### Goal of the exercise
With the pictures left out, please return exactly the line holding "Aspire Homeware Linen" and each following line until the entries end.

Image-text web data:
--- START ---

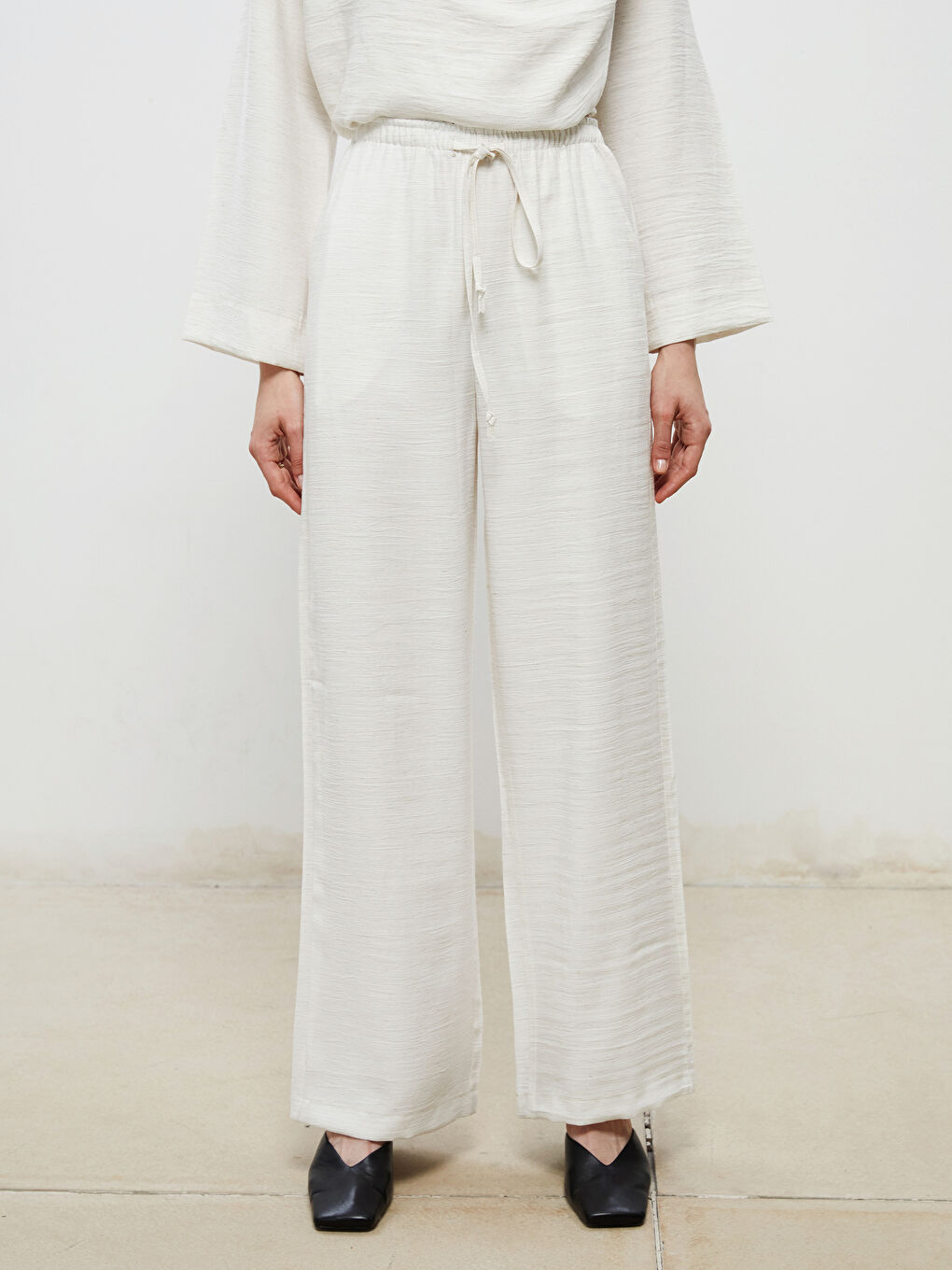 Soulife Elasticated Waist Linen-Look Women's Trousers -S5RL90Z8-HZZ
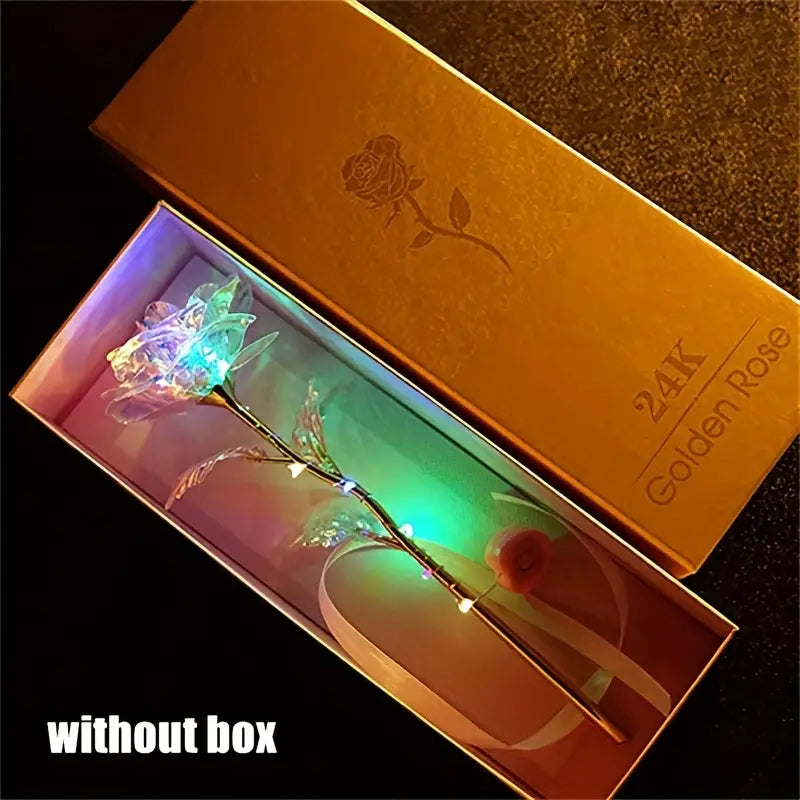 24K Colorful Gold Rose - Artificial Rainbow Flower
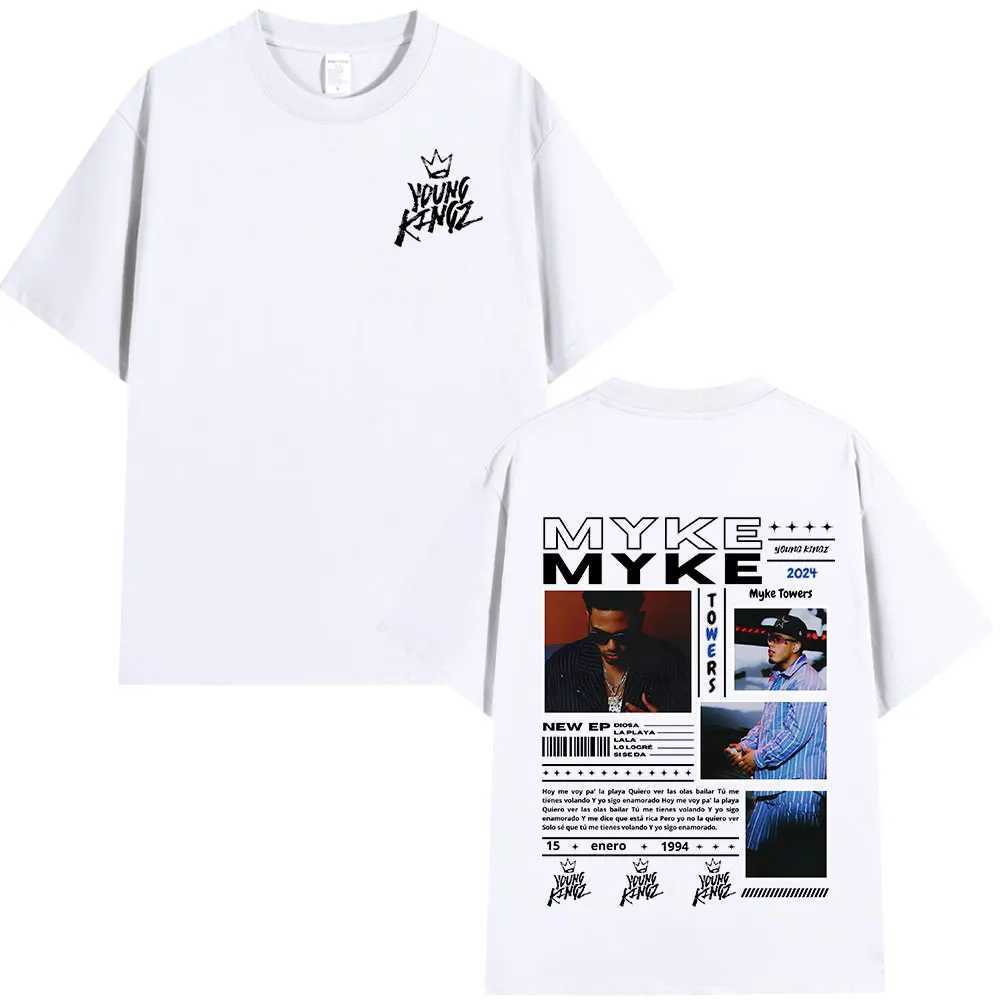 Rap singer Myke Towers album graphic printed T-shirt mens fashion hip-hop oversized T-shirt casual cotton short sleeved T-shirt X250203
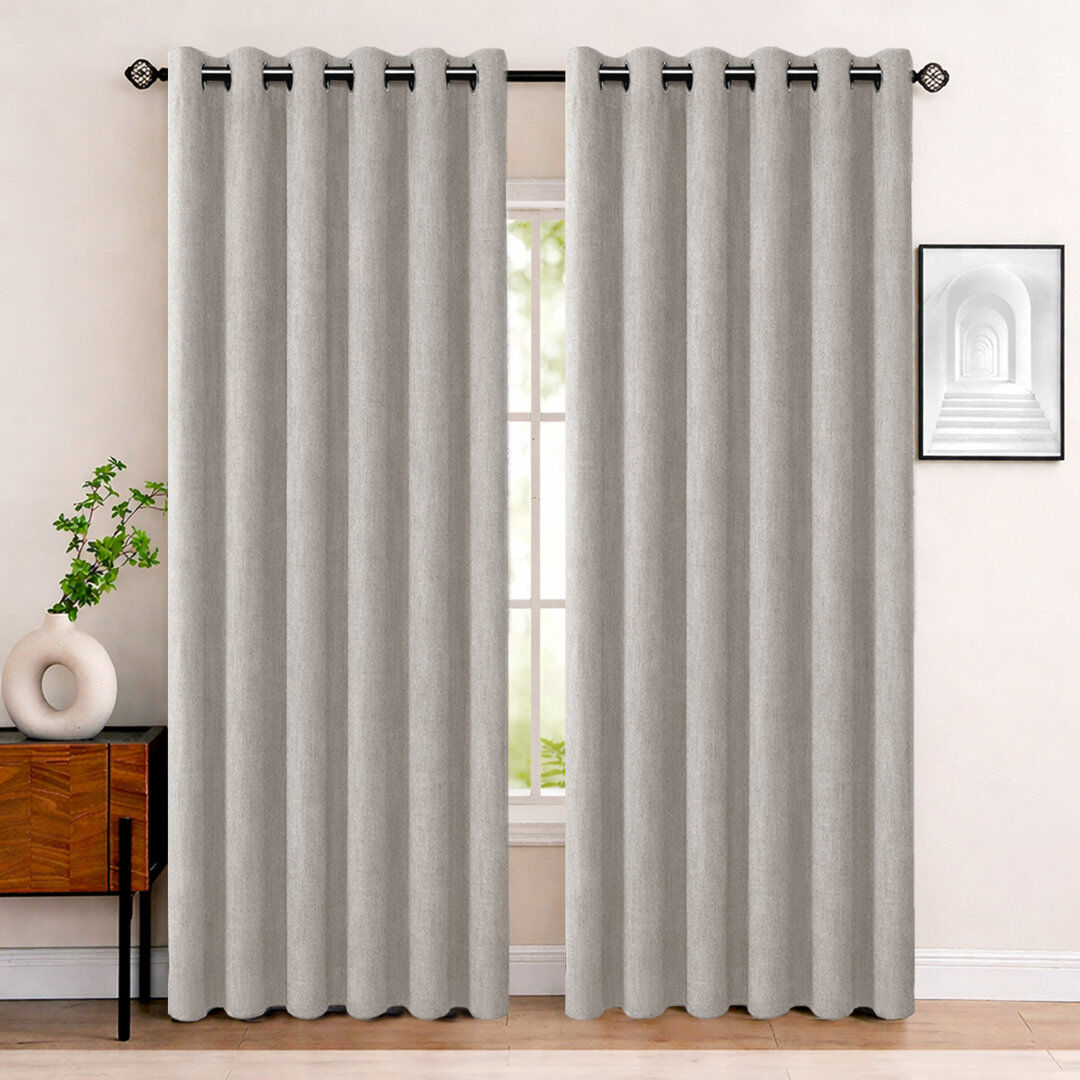 Aspire Homeware Linen 100% Blackout Curtain Pair for Hotel Style Bedroom Comfort Beige 168cm Width x 228cm Drop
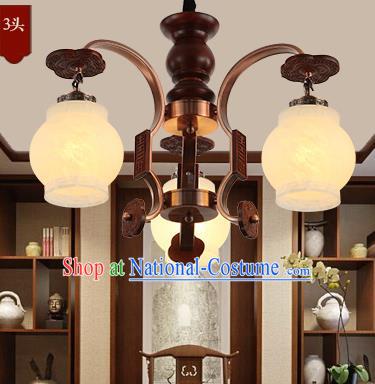 Traditional Chinese Handmade Wood Lantern Three-Lights Palace Lantern Ancient Ceiling Lanterns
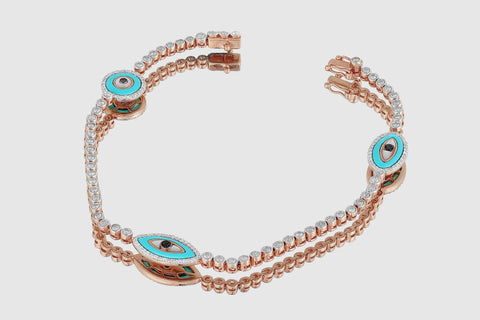 Evil Eye Diamond Tennis Bracelet - elbeu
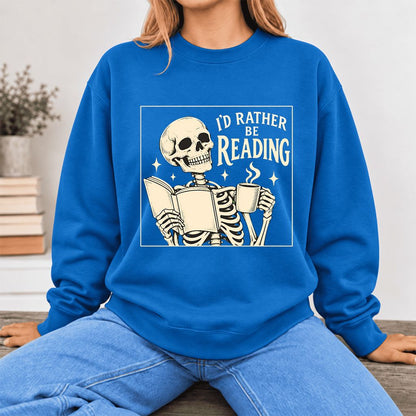 I'd Rather Be Reading Softstyle Sweatshirt | Evergreen Book Lover Gift Royal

--- END ---

### Solved problem
 Aspire Homeware Linen 100% Blackout Curtain Pair for Hotel Style Bedroom Comfort Beige 168cm Width x 228cm Drop
 Traditional Chinese Handmade Wood Lantern Three-Lights Palace Lantern Ancient Ceiling Lanterns
 Evil Eye Diamond Tennis Bracelet - elbeu
 I'd Rather Be Reading Softstyle Sweatshirt | Evergreen Book Lover Gift Royal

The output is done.